Problem details: Apart from the pictures, please restate every entry below exactly.

Supplied information:

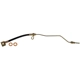 Purchase Top-Quality Rear Brake Hose by DORMAN/FIRST STOP - H620941 pa4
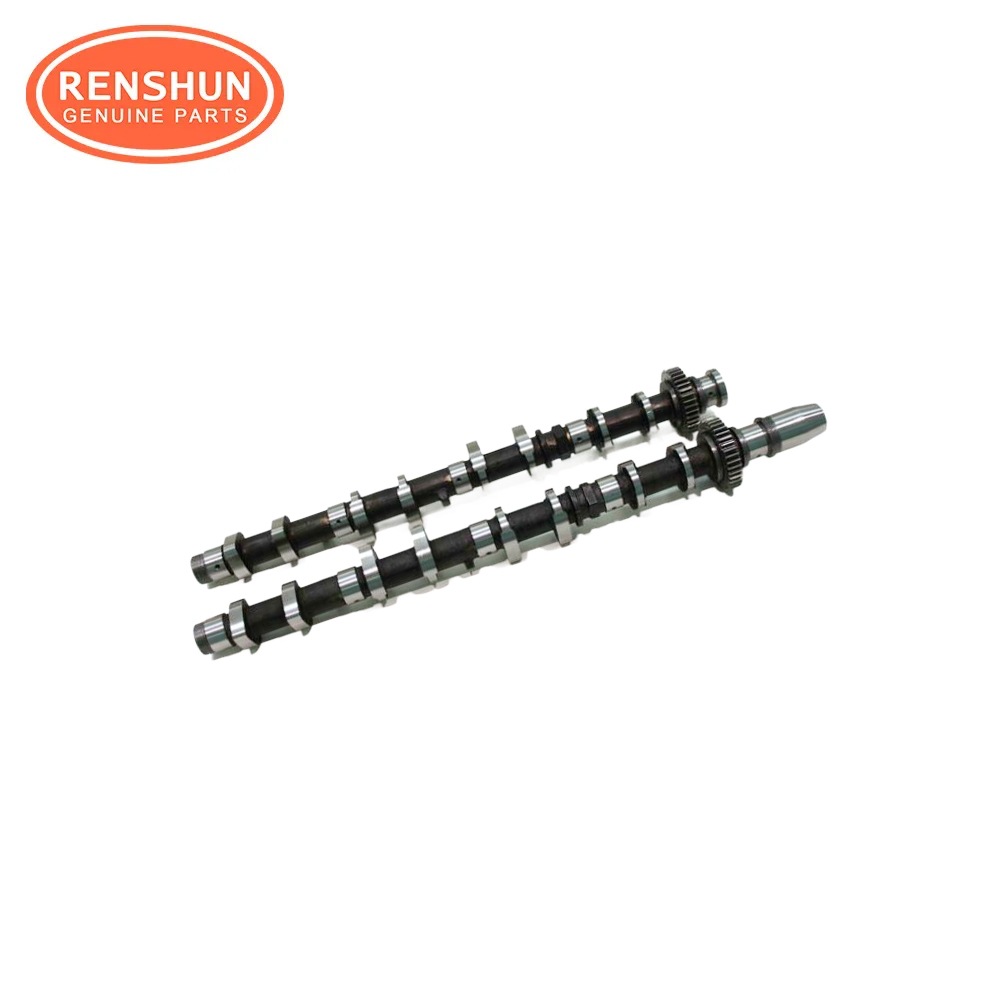 1Kd-Ftv 13501-30050 1350130050 Automotive Engine System Camshaft Toyota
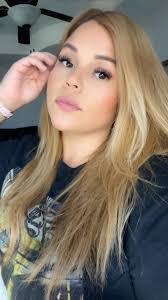 Brittany Burnett's Instagram, Twitter & Facebook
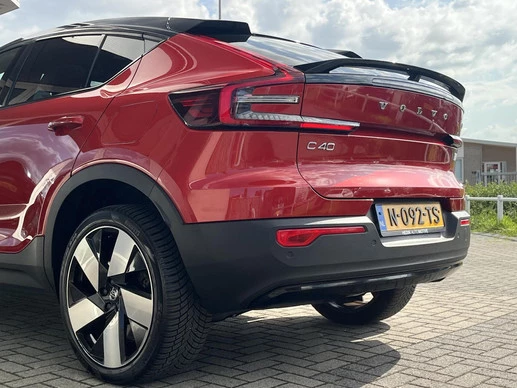 Volvo C40 - Afbeelding 21 van 24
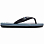 Quiksilver MOLOFEELINFNYTH B SNDL BLACK/BLUE/BLUE Quiksilver MOLOFEELINFNYTH B SNDL BLACK/BLUE/BLUE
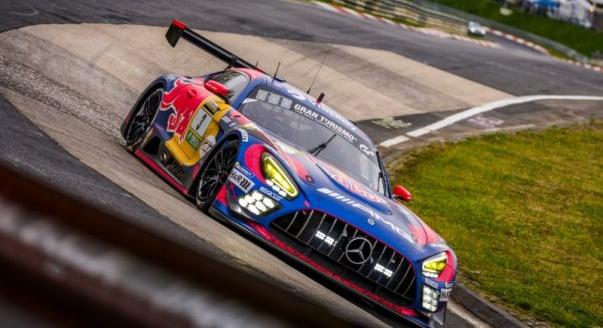 Glock: Németország „boruljon térdre” Verstappen előtt
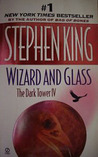 Wizard and Glass cover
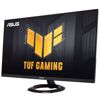 Fotografija izdelka ASUS TUF VG249Q3R 60,45cm (23,8") FHD IPS 180Hz DP/HDMI FreeSync zvočniki gaming monitor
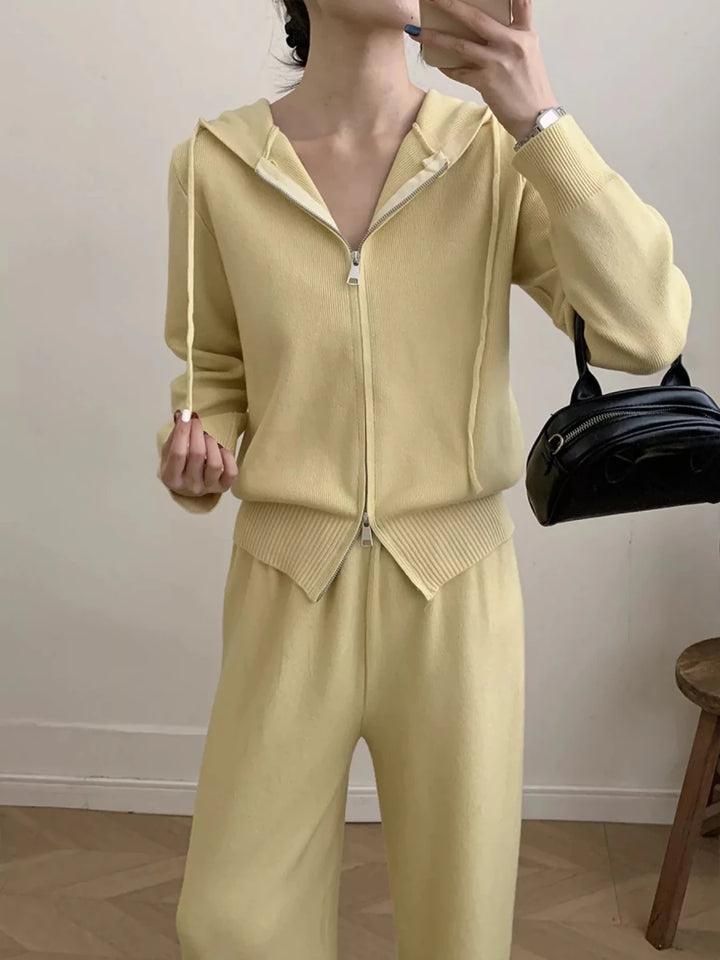 Camille Boutique - Outfit Set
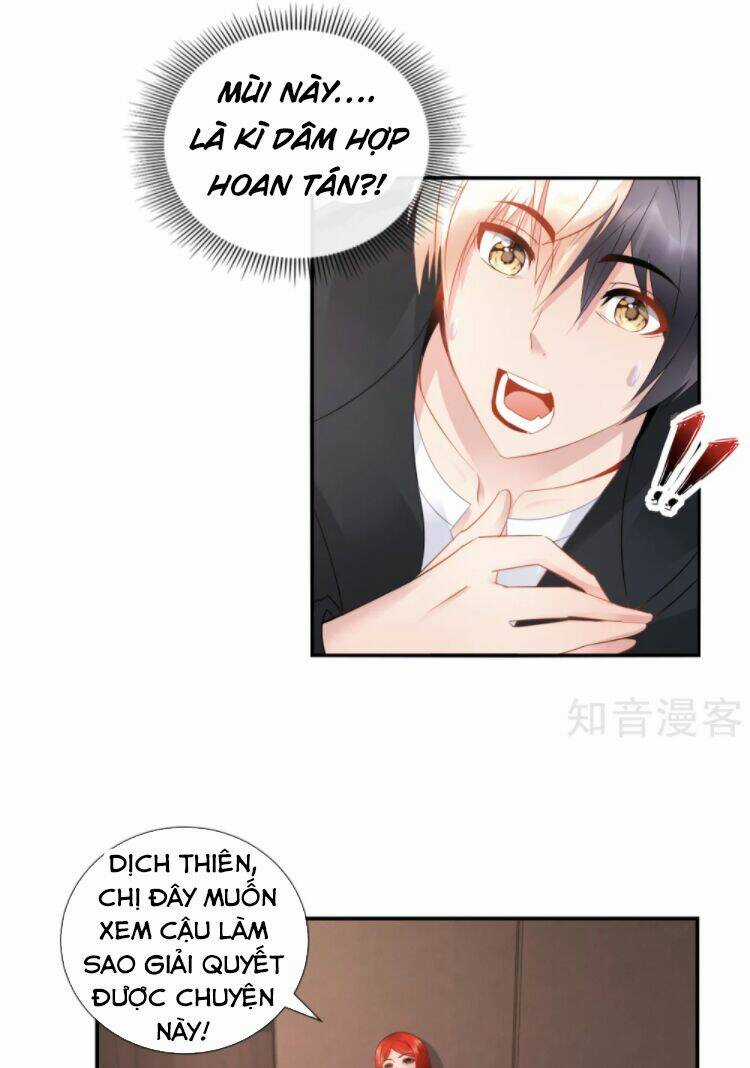 Phong Thủy Thiên Sư - Chapter 39 - Trang 10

Output of the task:
 Purchase Top-Quality Rear Brake Hose by DORMAN/FIRST STOP - H620941 pa4
 1Kd-Ftv 13501-30050 1350130050 Automotive Engine System Camshaft Toyota
 Brittany Burnett's Instagram, Twitter & Facebook
 Volvo C40 - Afbeelding 21 van 24
 Quiksilver MOLOFEELINFNYTH B SNDL BLACK/BLUE/BLUE Quiksilver MOLOFEELINFNYTH B SNDL BLACK/BLUE/BLUE
 Glock: Németország „boruljon térdre” Verstappen előtt
 Wizard and Glass cover
 Fotografija izdelka ASUS TUF VG249Q3R 60,45cm (23,8") FHD IPS 180Hz DP/HDMI FreeSync zvočniki gaming monitor
 Camille Boutique - Outfit Set
 Phong Thủy Thiên Sư - Chapter 39 - Trang 10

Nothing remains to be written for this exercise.